Why for() loops solve the wrong problem

By for loops, I mean any construct which makes it easier to loop a fixed number of times, or over a datastructure.

They are a solution to a problem, make no mistake.  The problem they solve is that processing a datastructure with a "simple" while loop exhibits a pattern (which is a bad thing) in the loop counter or iterator, stepping it to the next value, and its comparison with the sentinel value.  But one should not be trying to process a datastructure with a loop in the first place for several resons.

One is that normally one wants to map, filter or fold the data.  These operations have a significant general structure (hence the term, duh) which need not be a loop, because the specific part is functionally pure, i.e. does not have side effects.  Let us look at a similar example, which already works this way: sorting.

First, if there were no built-in quicksort implementation, many programmers would write an O(N2) sort, because those are easier to implement.  Some might even write bubblesorts when in a hurry.  Not only would these be inefficient, but in the code repeated over and over, some bugs would happen.  Now, if there is one implementation of sort, and programmers supply the comparison function, there are numerous advantages:

The above is merely the conventional wisdom.  However, there is another factor of increasing importance: parallelism.  Writing bug-free parallel code is hard, even harder than writing an advanced sorting algorithm.  But since hardware is increasingly parallel (and possibly heterogenous), there is a growing pressure on software to use it.

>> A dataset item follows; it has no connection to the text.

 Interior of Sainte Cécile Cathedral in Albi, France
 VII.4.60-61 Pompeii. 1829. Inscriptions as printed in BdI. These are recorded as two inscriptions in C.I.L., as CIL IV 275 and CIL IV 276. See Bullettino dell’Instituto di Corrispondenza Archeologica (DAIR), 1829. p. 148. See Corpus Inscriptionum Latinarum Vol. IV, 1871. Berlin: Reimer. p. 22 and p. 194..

And this is where having one higher-order function becomes even more important.  This central implementation can be written to take advantage of the hardware to its fullest, and any code to use it will be both faster and shorter.  Furthermore, a "free lunch" episode can happen again.  The original was when harware regularly got faster.  One only had to recompile a program (or not even that), and it ran significantly faster on newer hardware.  Now, newer CPUs regularly have more and more cores.  If sort, map and fold have a parallel implementation, a recompilation will make software run faster on newer, more parallel hardware, without needing a rewrite.